-------- Data in this exercise --------

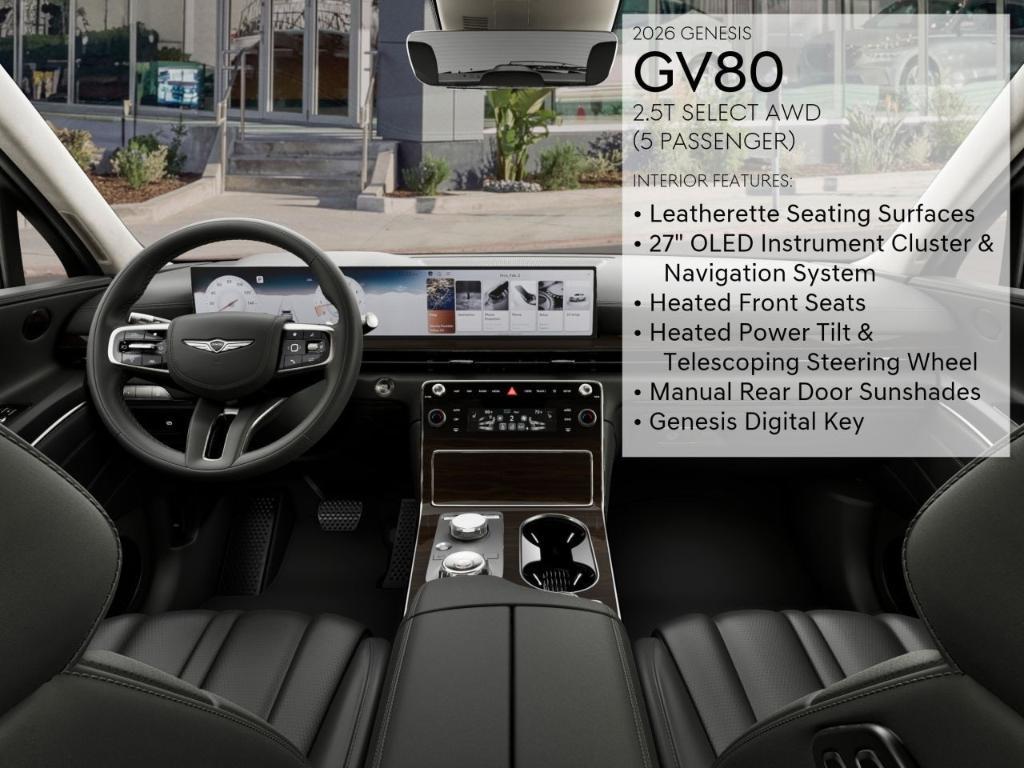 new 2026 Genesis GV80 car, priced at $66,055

--------
-------- Data in this exercise --------

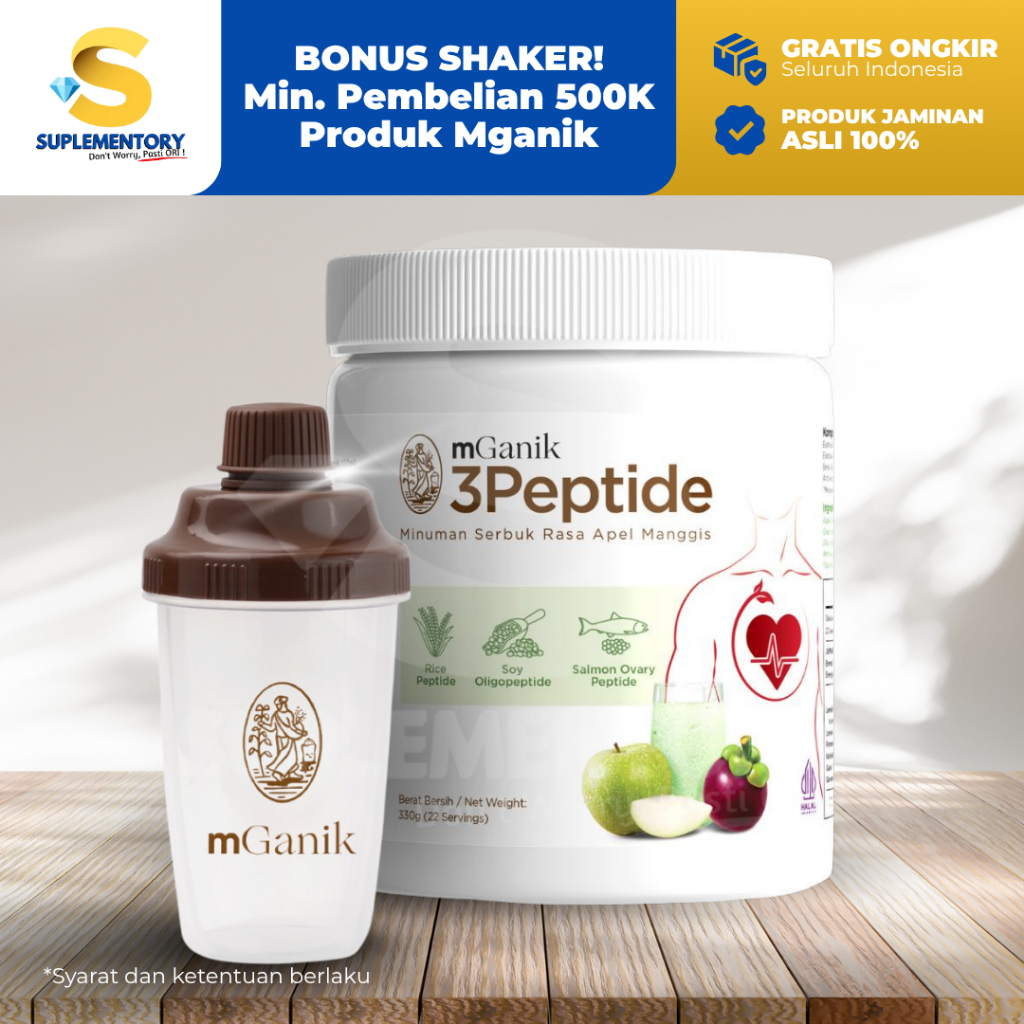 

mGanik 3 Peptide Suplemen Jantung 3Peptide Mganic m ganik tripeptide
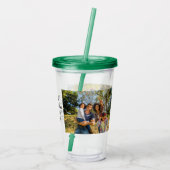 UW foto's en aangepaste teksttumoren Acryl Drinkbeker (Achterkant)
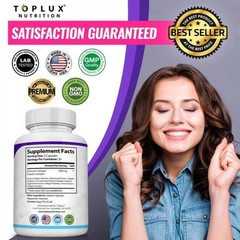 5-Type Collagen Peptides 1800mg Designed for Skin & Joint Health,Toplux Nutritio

--------

◆ **Work task**:
Above are some records; quote exactly and only the lines that begin at the line containing "UW foto's en" and stop after the line containing "5-Type Collagen Peptides", leaving out the pictures.

◆ **Result**:
 UW foto's en aangepaste teksttumoren Acryl Drinkbeker (Achterkant)
 5-Type Collagen Peptides 1800mg Designed for Skin & Joint Health,Toplux Nutritio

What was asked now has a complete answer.